> Task requirements
Retype the data that follows exactly. No pictures belong in the copy.

> Dataset content
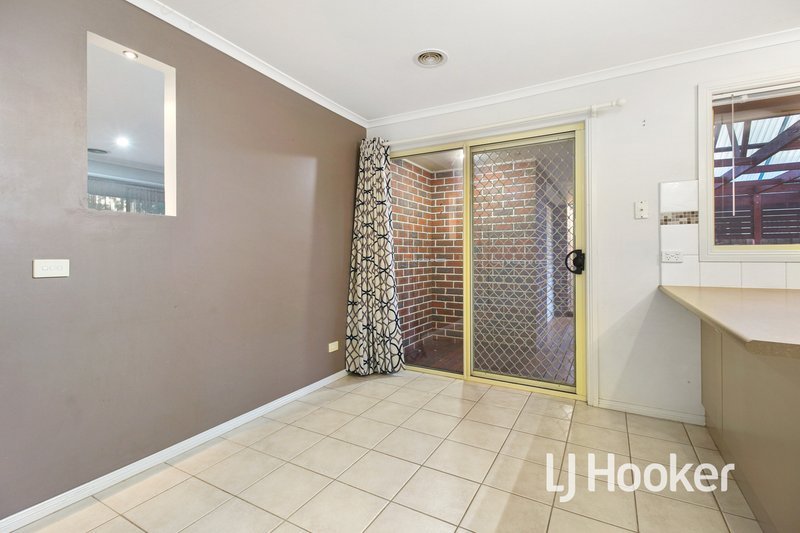 Photo - 13 Riviera Drive, Pakenham VIC 3810 - Image 6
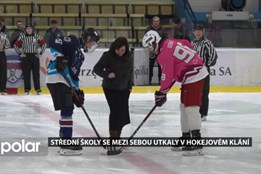 Střední školy se mezi sebou utkaly v předvánočním hokejovém klání na zimním stadioně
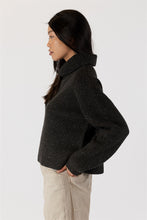 Charger l&#39;image dans la galerie, Fleck Turtleneck Sweater (7963302789328)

> Exercise result
 Photo - 13 Riviera Drive, Pakenham VIC 3810 - Image 6
 Střední školy se mezi sebou utkaly v předvánočním hokejovém klání na zimním stadioně
 Charger l&#39;image dans la galerie, Fleck Turtleneck Sweater (7963302789328)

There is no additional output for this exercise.